The mart also adds two derived columns that are not in the source data: goals_contributions (goals + assists) and is_current_season (boolean, derived from the season field). The first is a convenience aggregation used throughout the player analytics pages. The second drives the “this season” filter default on every dropdown.

The Dashboard Layer: Player Profile

The player analytics page was designed around a player selector — a dropdown showing all players who have appeared in at least one match in the selected season. Selecting a player loads their profile.

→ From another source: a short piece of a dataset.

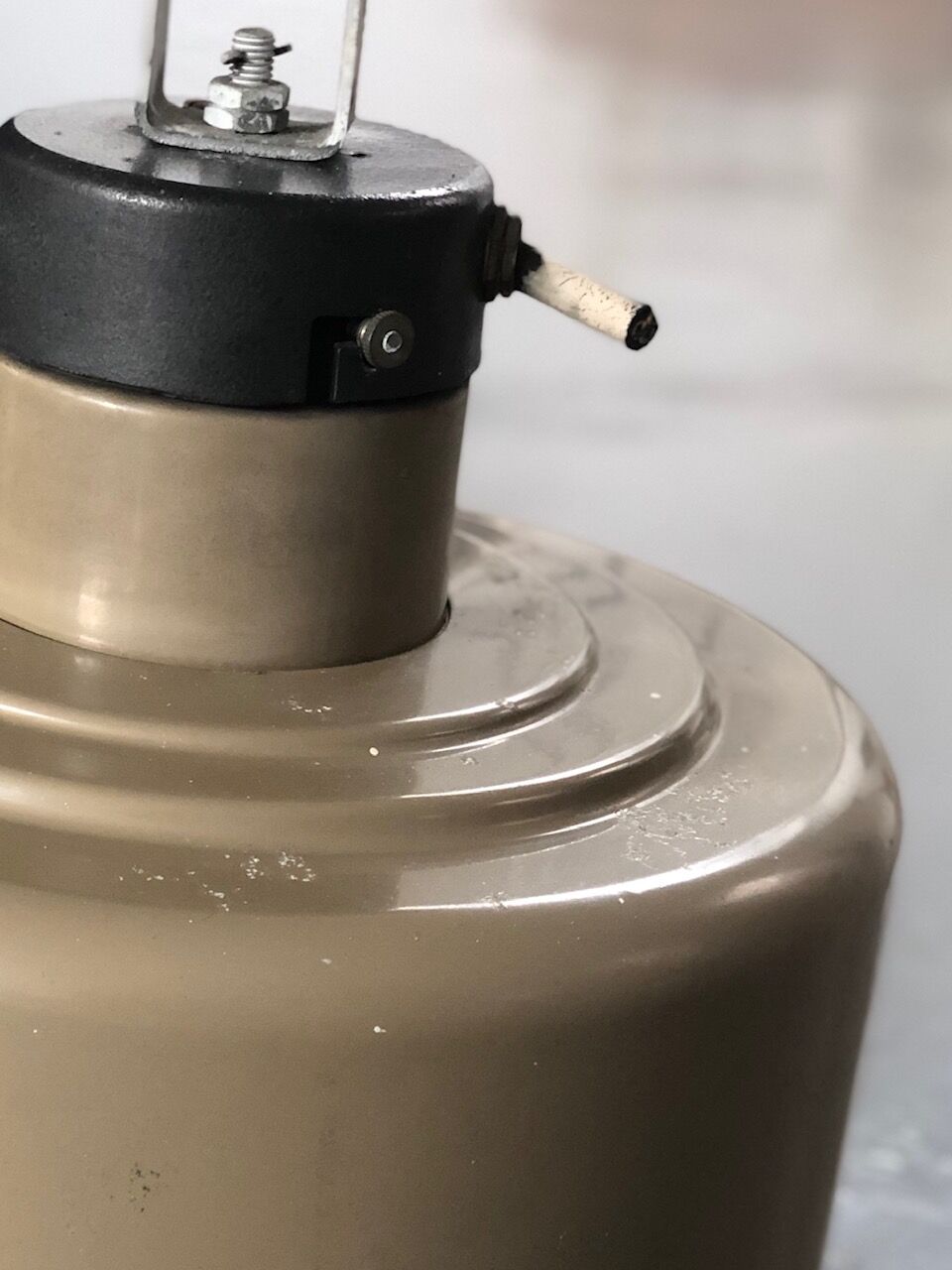 Industrial light pendant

The profile has four sections:

Season overview — the player’s aggregated statistics for the full season. Total goals, assists, matches played, average rating, total minutes. Presented as KPI cards at the top of the page, giving a quick picture of their contribution.

League standing — where the player ranks in the league for their key metrics. A card that says “Top 8% of attackers in the league by goals per 90” is more informative than a raw number, because it gives context. The percentile is calculated in the SQL query by ranking the player against all players at the same position across the same season.

Radar chart — a spider chart across eight dimensions: goals per 90, assists per 90, pass accuracy, key passes per 90, dribbles completed per 90, tackles per 90, aerial duels won per 90, and rating. Each axis is scaled to the league maximum for that metric and that position group, so 100% means best in the league. The shape of the radar gives an immediate fingerprint of the player’s style — a wide attacker looks different from a box striker, a ball-playing defender looks different from a stopper.

Performance timeline — a chart showing the player’s rating and a key statistic (goals or saves, depending on position) across every match in the season. The timeline separates a genuine form run from a one-off performance, and it shows what happened to form around a change in manager, a long absence, or a run of difficult fixtures.

Per-90 Normalisation

Most player statistics in the dashboard are shown per 90 minutes rather than in aggregate. A player who played 600 minutes and scored 4 goals contributed the same per-90 rate as one who played 1,200 minutes and scored 8, but aggregates would make the second player look twice as good.

The per-90 calculation:

round(goals_scored * 90.0 / nullif(minutes_played, 0), 2) as goals_per_90

NULLIF handles zero-minute appearances (substitutes who were injured before they came on, for example). Multiplying by 90 before dividing by minutes means the result is goals per 90 minutes regardless of how many minutes the player actually played.

The threshold for inclusion in the radar and the league standings is 450 minutes — roughly five full matches. Players below this threshold have too few minutes for per-90 rates to be meaningful. A forward who played one match and scored would show a goals-per-90 rate of 90 * (1/90) = 1.0, which would put them at the top of the chart based on a single data point.

What the Data Can and Cannot Tell You

The player analytics layer surfaces what happened. It shows that a player had an exceptional first half of the season and a poor second half. It shows that a winger contributes heavily on key passes but rarely scores. It shows that a goalkeeper’s save percentage dropped in the Championship Round.

What it cannot tell you is why. Injuries, form, tactical changes, quality of opposition — these context layers are not in the data. The timeline chart invites interpretation; it does not provide it.

The absence of xG is the most significant gap. Goals and shots are what you can count. Expected goals would let you distinguish a striker who scores from difficult angles — genuinely clinical — from one who scores because they get into good positions. That distinction matters. It is not available on the current plan, and it is the clearest signal about where a player analytics layer like this one has room to grow.